━━ The data ━━
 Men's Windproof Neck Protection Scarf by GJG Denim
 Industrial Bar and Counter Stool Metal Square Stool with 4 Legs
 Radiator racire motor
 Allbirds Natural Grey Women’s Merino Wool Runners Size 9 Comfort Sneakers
━━━
━━ The data ━━
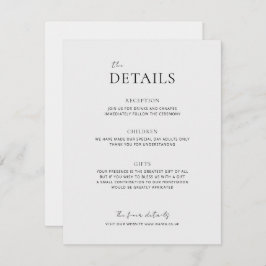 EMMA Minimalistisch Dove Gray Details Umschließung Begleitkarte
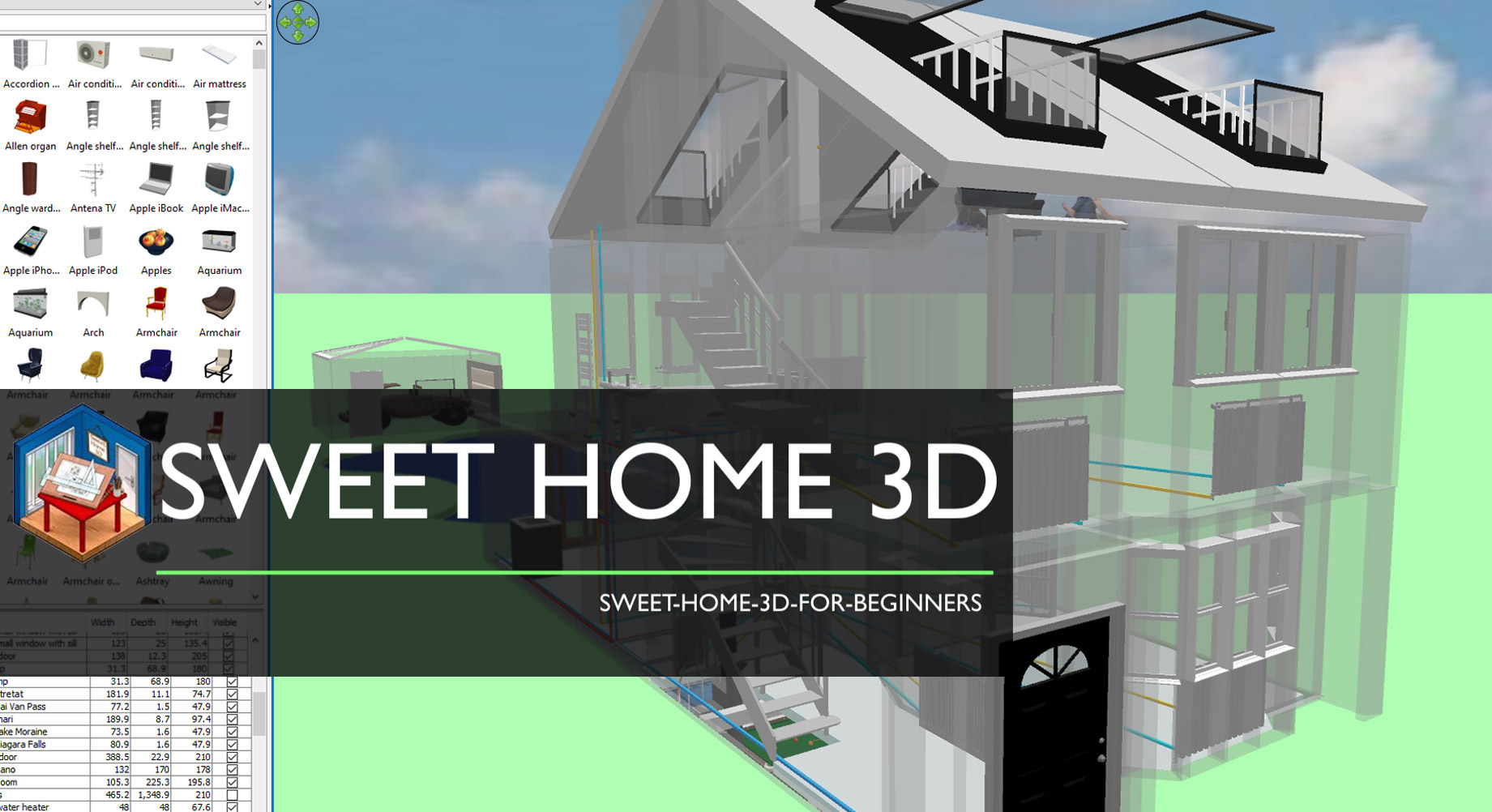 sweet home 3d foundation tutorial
━━━
━━ The data ━━
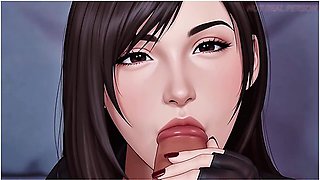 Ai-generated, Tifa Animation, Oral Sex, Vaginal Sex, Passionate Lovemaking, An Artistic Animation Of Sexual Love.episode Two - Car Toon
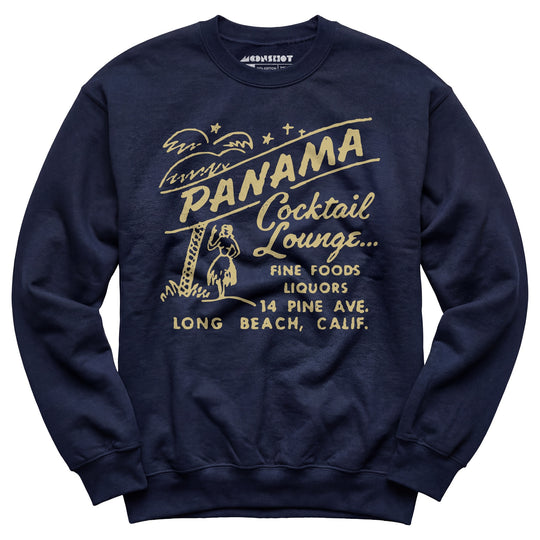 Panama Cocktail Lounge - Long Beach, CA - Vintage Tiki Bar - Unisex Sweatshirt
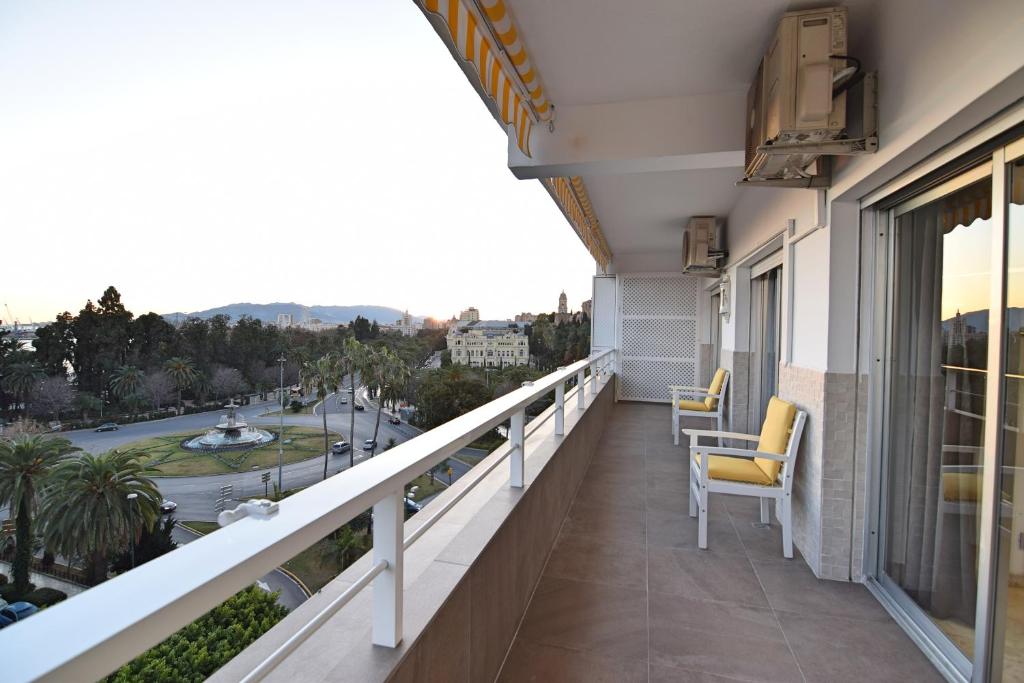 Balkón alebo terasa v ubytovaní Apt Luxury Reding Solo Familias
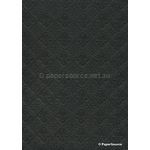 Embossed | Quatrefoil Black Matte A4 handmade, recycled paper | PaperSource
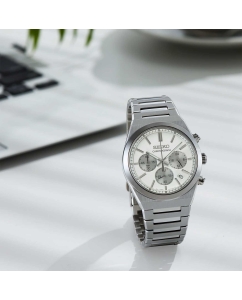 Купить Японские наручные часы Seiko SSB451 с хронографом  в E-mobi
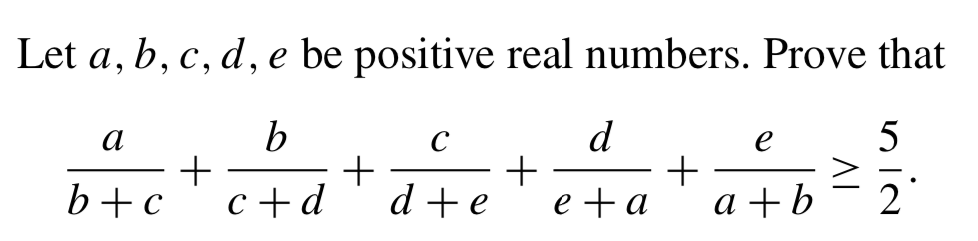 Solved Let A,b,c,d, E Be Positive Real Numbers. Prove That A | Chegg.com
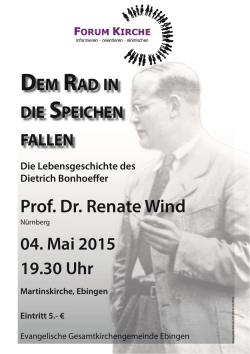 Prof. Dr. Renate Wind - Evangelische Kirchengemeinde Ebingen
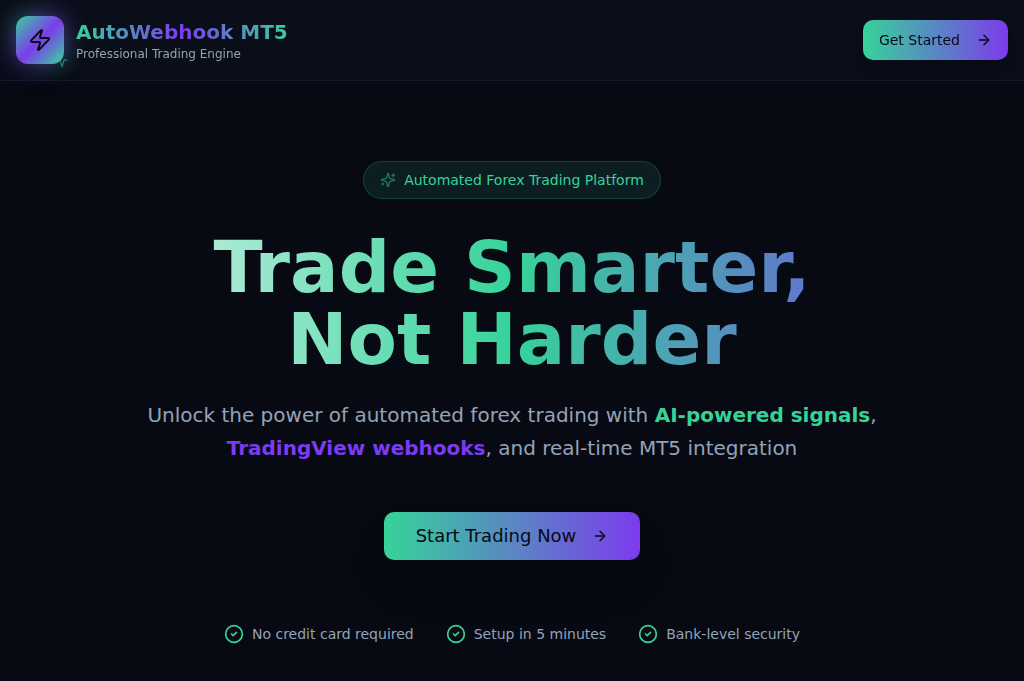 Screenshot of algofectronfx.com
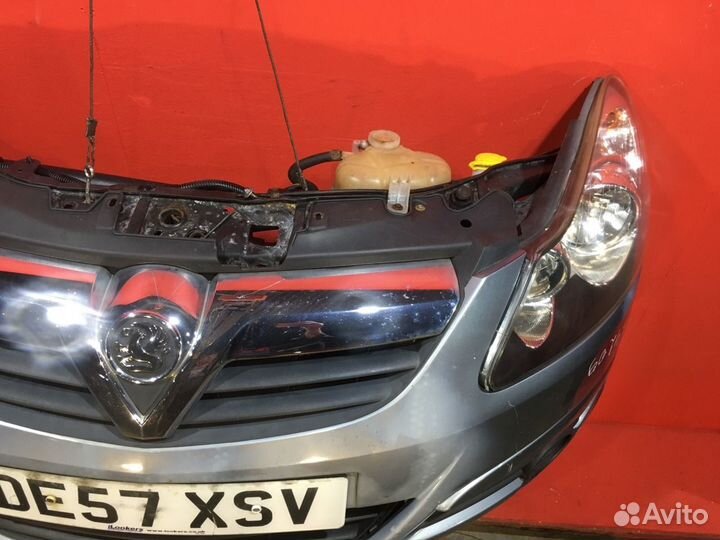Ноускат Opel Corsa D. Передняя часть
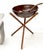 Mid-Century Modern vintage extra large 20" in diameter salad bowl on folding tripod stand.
━━━
*Brief*.
From the records above, give again exactly the lines running from the line with "Men's Windproof Neck" to the line with "Allbirds Natural Grey", inclusive.

*Answer*.
 Men's Windproof Neck Protection Scarf by GJG Denim
 Industrial Bar and Counter Stool Metal Square Stool with 4 Legs
 Radiator racire motor
 Allbirds Natural Grey Women’s Merino Wool Runners Size 9 Comfort Sneakers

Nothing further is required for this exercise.